So...yesterday, I began tearing "XX" apart and rebuilding it another way. It won't be precisely the story I set out to write, because I discovered the narrative structure simply wasn't working. And I've retitled the new incarnation "Romeo and Juliet Go to Mars." Today, I have to make Substantial Progress towards THE END. If I can do that today and for a week thereafter, we can probably avert a Code Orange.

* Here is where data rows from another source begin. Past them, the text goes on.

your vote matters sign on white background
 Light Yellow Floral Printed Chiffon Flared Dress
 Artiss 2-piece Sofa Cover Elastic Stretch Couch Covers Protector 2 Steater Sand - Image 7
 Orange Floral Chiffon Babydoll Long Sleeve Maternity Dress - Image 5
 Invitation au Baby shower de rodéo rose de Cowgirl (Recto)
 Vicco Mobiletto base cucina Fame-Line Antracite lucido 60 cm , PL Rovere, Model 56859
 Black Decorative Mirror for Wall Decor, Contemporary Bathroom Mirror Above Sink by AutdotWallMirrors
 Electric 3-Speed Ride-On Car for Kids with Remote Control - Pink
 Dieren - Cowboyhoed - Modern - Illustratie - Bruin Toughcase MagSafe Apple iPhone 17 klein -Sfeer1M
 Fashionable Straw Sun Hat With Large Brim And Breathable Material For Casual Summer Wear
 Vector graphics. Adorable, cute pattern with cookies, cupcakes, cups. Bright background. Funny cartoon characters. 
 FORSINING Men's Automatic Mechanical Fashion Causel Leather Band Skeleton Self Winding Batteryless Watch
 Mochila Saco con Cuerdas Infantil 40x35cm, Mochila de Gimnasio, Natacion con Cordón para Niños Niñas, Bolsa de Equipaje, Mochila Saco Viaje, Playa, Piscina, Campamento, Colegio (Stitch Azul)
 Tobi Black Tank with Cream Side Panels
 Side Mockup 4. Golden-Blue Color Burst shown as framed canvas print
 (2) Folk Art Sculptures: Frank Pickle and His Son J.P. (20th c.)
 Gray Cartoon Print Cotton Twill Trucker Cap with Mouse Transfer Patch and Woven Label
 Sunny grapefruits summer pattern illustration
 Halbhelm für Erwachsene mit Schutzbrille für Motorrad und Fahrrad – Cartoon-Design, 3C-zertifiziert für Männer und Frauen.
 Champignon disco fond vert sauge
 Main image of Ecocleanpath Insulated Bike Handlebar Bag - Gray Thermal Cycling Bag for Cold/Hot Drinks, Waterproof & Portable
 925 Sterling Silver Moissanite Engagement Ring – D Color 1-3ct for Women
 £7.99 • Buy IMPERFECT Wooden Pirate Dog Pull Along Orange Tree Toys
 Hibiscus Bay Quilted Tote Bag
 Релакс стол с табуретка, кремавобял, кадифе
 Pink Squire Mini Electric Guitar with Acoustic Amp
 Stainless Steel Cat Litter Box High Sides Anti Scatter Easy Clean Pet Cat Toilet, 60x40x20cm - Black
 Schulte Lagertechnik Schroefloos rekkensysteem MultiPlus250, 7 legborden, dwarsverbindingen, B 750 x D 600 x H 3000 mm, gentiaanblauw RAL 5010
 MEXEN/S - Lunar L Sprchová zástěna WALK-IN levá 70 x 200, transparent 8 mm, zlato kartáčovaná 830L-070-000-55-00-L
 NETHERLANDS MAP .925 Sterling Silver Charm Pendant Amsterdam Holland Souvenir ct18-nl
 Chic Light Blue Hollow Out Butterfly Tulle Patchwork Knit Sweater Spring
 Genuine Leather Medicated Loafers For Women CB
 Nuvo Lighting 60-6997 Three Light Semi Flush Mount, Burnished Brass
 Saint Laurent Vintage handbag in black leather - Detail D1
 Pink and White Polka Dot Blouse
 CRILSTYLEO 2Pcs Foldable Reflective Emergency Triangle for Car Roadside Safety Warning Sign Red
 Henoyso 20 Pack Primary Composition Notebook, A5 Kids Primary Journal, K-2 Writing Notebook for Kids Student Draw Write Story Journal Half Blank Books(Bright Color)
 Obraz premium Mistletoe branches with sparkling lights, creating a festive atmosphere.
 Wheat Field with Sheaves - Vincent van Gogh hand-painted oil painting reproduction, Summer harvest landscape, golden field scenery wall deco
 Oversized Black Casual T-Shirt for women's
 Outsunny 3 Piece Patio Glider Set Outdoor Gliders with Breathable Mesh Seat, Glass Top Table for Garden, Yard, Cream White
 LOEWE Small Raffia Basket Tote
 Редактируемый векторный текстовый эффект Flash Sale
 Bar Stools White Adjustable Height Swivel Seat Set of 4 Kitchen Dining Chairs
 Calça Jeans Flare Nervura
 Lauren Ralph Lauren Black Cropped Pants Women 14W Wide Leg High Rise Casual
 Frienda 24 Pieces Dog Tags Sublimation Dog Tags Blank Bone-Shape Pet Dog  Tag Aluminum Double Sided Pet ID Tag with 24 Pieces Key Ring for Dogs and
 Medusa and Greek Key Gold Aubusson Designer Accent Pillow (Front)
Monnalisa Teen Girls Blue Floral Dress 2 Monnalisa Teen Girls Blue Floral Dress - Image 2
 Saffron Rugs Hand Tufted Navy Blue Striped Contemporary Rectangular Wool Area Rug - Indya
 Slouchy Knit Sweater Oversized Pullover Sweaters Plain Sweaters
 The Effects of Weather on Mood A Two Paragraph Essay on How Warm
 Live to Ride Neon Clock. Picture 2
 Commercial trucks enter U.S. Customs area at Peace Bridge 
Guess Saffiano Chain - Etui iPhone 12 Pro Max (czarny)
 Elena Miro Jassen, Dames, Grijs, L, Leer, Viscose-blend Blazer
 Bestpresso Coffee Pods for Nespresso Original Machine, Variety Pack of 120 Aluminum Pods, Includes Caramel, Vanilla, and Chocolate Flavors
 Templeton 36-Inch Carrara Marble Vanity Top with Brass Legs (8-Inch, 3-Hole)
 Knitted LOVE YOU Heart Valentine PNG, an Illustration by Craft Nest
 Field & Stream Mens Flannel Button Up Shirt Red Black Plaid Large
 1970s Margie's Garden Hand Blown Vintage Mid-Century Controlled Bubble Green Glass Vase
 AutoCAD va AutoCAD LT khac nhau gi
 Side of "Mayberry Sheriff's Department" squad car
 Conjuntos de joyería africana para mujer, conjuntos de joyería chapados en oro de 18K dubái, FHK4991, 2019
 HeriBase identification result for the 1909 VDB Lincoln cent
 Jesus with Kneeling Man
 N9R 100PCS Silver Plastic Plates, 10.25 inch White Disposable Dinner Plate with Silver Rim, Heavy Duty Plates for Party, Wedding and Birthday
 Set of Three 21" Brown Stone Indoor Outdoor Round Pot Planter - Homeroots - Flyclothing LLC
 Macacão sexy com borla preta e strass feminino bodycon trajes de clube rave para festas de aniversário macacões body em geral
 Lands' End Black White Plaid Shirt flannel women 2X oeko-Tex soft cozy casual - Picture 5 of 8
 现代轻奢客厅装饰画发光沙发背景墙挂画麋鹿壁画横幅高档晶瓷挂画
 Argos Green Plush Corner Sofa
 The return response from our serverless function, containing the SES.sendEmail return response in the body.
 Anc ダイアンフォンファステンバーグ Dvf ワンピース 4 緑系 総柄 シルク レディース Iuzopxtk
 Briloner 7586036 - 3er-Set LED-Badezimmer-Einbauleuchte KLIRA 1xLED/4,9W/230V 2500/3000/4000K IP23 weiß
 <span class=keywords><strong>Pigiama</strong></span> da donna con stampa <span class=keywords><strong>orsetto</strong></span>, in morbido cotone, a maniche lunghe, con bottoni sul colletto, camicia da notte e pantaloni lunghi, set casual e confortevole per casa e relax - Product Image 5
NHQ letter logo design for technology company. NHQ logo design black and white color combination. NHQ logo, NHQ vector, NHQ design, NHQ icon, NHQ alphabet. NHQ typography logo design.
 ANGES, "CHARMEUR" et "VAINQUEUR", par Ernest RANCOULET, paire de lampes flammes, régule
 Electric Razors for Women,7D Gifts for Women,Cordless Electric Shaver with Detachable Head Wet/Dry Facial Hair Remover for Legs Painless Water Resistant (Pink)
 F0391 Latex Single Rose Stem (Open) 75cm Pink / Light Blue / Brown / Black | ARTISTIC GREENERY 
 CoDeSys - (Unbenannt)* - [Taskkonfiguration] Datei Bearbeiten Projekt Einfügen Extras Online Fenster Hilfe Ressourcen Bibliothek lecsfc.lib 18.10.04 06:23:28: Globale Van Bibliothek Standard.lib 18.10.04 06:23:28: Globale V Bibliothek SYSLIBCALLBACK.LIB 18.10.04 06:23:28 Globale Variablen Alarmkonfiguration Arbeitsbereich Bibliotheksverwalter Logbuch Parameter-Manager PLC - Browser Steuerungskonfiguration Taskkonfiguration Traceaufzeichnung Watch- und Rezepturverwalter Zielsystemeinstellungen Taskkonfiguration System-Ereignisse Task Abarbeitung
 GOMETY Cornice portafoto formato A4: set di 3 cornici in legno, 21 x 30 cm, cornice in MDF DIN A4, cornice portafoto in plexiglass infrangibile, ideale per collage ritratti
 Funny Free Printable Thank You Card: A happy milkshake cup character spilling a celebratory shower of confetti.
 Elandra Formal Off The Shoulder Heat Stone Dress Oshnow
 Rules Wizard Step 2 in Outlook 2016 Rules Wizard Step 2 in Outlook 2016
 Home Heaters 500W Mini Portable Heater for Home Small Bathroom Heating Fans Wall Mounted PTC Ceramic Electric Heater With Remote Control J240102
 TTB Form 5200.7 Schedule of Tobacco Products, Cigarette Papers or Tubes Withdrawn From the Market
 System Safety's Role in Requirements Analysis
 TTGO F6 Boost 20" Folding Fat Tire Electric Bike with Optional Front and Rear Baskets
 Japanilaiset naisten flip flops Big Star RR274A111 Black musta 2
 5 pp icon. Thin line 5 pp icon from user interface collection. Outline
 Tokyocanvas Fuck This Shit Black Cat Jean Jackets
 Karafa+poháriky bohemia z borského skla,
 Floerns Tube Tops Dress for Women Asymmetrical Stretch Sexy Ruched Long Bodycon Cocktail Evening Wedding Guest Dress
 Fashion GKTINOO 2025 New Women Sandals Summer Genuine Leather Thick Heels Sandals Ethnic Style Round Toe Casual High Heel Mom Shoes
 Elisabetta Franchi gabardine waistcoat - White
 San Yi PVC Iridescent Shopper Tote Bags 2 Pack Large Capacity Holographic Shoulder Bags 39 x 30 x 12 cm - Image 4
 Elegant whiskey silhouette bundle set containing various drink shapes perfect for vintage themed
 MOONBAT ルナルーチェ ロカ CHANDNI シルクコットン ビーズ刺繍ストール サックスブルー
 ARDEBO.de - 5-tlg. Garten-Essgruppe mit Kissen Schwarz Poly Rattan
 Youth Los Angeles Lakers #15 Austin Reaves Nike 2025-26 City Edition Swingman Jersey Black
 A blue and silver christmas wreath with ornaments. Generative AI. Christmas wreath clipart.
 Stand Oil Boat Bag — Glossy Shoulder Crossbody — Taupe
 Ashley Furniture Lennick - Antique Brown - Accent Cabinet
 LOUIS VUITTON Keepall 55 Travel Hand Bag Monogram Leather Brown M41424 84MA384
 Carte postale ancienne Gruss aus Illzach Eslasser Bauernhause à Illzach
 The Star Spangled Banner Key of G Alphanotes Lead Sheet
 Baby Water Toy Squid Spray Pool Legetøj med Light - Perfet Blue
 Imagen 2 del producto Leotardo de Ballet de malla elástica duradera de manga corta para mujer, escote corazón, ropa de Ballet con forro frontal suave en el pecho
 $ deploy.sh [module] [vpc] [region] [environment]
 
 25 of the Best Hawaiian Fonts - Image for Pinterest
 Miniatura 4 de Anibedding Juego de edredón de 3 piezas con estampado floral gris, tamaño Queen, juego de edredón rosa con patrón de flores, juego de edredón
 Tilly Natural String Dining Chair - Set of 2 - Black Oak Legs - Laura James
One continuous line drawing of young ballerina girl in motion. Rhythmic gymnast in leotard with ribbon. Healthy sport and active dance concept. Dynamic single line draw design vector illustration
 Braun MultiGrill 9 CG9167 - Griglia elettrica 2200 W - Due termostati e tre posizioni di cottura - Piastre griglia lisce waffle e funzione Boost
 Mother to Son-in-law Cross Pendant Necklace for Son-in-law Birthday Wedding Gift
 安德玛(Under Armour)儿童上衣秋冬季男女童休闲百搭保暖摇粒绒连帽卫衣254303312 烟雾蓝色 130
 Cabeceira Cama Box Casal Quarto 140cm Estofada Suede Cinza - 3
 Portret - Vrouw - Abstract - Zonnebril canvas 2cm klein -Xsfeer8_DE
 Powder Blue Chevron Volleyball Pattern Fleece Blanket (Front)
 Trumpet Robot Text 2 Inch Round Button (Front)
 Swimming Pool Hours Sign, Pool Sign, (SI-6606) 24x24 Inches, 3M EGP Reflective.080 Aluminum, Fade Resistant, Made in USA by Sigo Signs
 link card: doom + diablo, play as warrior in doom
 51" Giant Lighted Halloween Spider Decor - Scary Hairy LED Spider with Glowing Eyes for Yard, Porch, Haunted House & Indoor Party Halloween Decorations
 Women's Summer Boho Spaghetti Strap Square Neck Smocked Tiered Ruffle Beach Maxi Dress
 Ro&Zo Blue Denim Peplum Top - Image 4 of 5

My thanks to everyone who commented yesterday. They were good comments. And I spent much of yesterday mulling over my decision to withdraw from Facebook and Twitter, and I know it was the right decision for me. And very late last night, I was able to put my finger on exactly why neither was working for me (this most applies to Facebook). Thanks to technology that didn't exist only a decade or so ago, you get to watch how it is that I do this thing that I do. You get to watch, and discover what it is like for me. Day after day. You even get to watch for free. And questions are nice, and comments are okay. But I am not blogging to trigger some "meaningful dialogue" with my readers, and I sure as hell don't want (or have time for) arguments. I've been blogging since November 2001, and it's never been about that. And you don't get to try and cheer me up when I'm down, and you don't get to wax ironic or glib if I come across like a mopey old sock. You do not get to try and change the thing you've been allowed to watch. I am glad to have you here, but you're not a part of the process. Those who read this blog are readers, or, if you prefer, observers. And the best observers do not interfere. Think of it as a Prime Directive. This seemed especially difficult for people at Facebook, where I was barraged with constant attempts to "make me feel better," or, worse, people criticizing me for feeling down, for having a hard time with the words, for the fact that I'm not the sort of writer who loves to write, and so forth. Most of those comments were deleted.
I'd post, "No words today. No words at all." And someone would shoot back, "IDK I count seven LOL." Or something even less helpful (though more articulate), like "...if writing's such a painful burden, walk away and find something else to do." Um, yeah. Anyway, this is the sort of shit makes me want to torture soccer moms and cheerleaders with rusty 19th-Century surgical instruments (oh, okay; I always want to do that, regardless). So, yeah...watch, but don't try to redirect the flow to match the way you think things ought to be going, and don't try to make a happy camper of me. I have invited you here to watch, not to change me. Very, very simple equation.
Last night, we watched Baz Luhrmann's Romeo + Juliet (1996), and I discovered it's a much, much better film than I gave it credit for being when I saw it in the theater. I think, the first time I saw it, I simply didn't know how to watch it. Falling in love with Luhrmann's Moulin Rouge! seems to have changed that. Anyway, it was sort of research for my Mars story. I may also mark yesterday as the day that I started smoking again. This happens every now and then, and it rarely lasts for very long. I have the apparently freakish ability to quit with no difficulty whatsoever. But the stress of the last few months made it pretty inevitable. Very late, we watched an episode of No Reservations, in which Anthony Bourdain made me want to eat all of New York City.
And here's something I thought I'd try. Deskscapes. Photos I took this morning of my workspace. This is pretty much what it looks like at the beginning of every day (a little dustier than usual):
The dodo and the platypus!
The little Cthulhu that squats atop my iMac, assuring me that I can make it through another day, because very soon, all humanity will die screaming.